According to NIH, more than 800,000 U.S. patients had had total shoulder replacements (2017 data) and those numbers are expected to grow by over 200% by 2025, outpacing both hip and knee arthroplasty.1
The NIH’s $317,000 will be used to pay for the initial phase of research, which is expected to last two years at the Shiley Center for Orthopaedic Research and Education at Scripps Clinic on Torrey Pines Mesa. During this development phase, the team will work on design and produce and test the functionality of a smart implant prototype. They also aim to demonstrate proof of concept by testing the device in the shoulder of a human cadaver to validate the implant’s operability and consistency.
“Shoulder replacement surgery represents an important area of study,” said Darryl D’Lima, M.D., Ph.D., director of orthopedic research at Scripps Health and the initiative’s co-lead investigator, along with Heinz Hoenecke, M.D., an orthopedic surgeon and researcher at Scripps Clinic.
“Studies show that the number of these procedures has grown significantly in recent years in the United States and the trend is expected to continue. We need to gather and review data to better understand ways we can improve shoulder prosthetics and rehab approaches for patients, and this grant funding is an important first step toward that goal.”
Making a Smart Implant
The Shiley’s team intends to improve an existing shoulder implant by equipping it with customized wireless technology, such as advanced sensors and capabilities for data storage, external communication and rechargeable power.
In addition to being a functional shoulder joint replacement, it is also a research tool that can continually record and transmit data, such as mechanical forces, temperature, range of motion, and other metrics. The team cautions that actual surgical implantation of the smart shoulder device in a living patient is likely still a few years away.

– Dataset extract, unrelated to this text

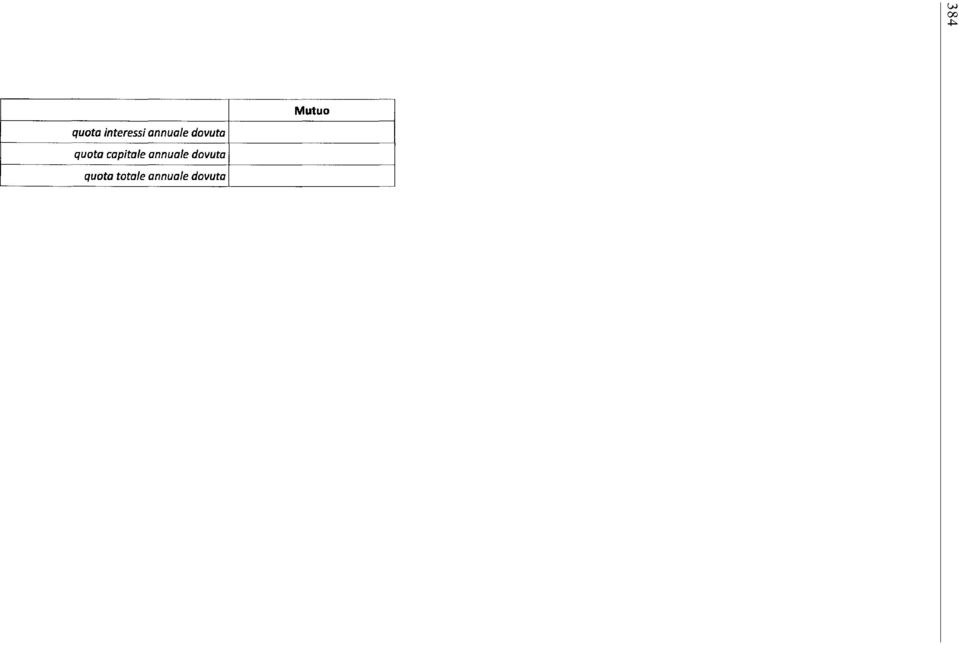 quota capitale annuale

Once the device is implanted, researchers and surgeons can collect and analyze data which could reveal new ways to enhance physical therapy protocols for shoulder replacement patients, as well as to improve the design of future implant devices.
Asked what challenges they anticipate with regard to design, production and functionality verification, Dr. D’Lima told OTW, “We need to modify a traditional implant to house the sensors and electronics. These have to be miniaturized to fit within the very small space. We also need to develop wireless rechargeable medical grade batteries and implement remote communications. All of these have to be tested to survive within a patient’s arm for 20 years or more.”

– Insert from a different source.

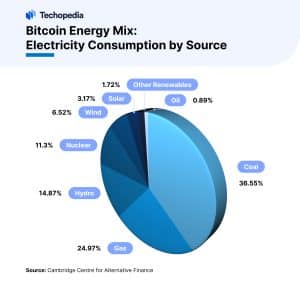 Bitcoin Energy Mix: Electricity Consumption by Source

When OTW asked researchers how they will know if they’re on the right track after a year, Dr. D’Lima said, “We hope to meet all the design specifications, such as, sensor performance and accuracy, power requirements, data storage and retrieval, and telemetry communications. The proof of concept will be demonstrating full functionality after implantation in a human shoulder cadaver specimen.”
Also working with the Shiley Center team are Scott Delp, Ph.D., the James H. Clark professor at the schools of engineering and medicine at Stanford University, Scott Banks, Ph.D., professor and director of the orthopedic biomechanics laboratory at the University of Florida, and B.J. Fregly, Ph.D., professor at the department of mechanical engineering at Rice University and a scholar in cancer research with the Cancer Prevention and Research Institute of Texas. This team has experience collaborating with Scripps on collecting, processing and analyzing data on Scripps’ smart knee implant.